MATERIAL FOR THIS EXERCISE:
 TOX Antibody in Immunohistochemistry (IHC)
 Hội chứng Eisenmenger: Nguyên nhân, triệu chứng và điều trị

...

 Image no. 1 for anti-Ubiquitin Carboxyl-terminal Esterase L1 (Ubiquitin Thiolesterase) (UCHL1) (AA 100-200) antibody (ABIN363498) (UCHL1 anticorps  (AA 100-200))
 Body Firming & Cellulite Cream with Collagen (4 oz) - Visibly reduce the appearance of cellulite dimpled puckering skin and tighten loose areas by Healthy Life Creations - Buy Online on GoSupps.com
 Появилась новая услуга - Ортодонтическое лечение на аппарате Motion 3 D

INSTRUCTIONS TO FOLLOW: Go back to the listing above. Copy word for word the lines from the one with "Image no. 1" through the one with "Появилась новая услуга", and nothing more.

RESPONSE BELOW:
 Image no. 1 for anti-Ubiquitin Carboxyl-terminal Esterase L1 (Ubiquitin Thiolesterase) (UCHL1) (AA 100-200) antibody (ABIN363498) (UCHL1 anticorps  (AA 100-200))
 Body Firming & Cellulite Cream with Collagen (4 oz) - Visibly reduce the appearance of cellulite dimpled puckering skin and tighten loose areas by Healthy Life Creations - Buy Online on GoSupps.com
 Появилась новая услуга - Ортодонтическое лечение на аппарате Motion 3 D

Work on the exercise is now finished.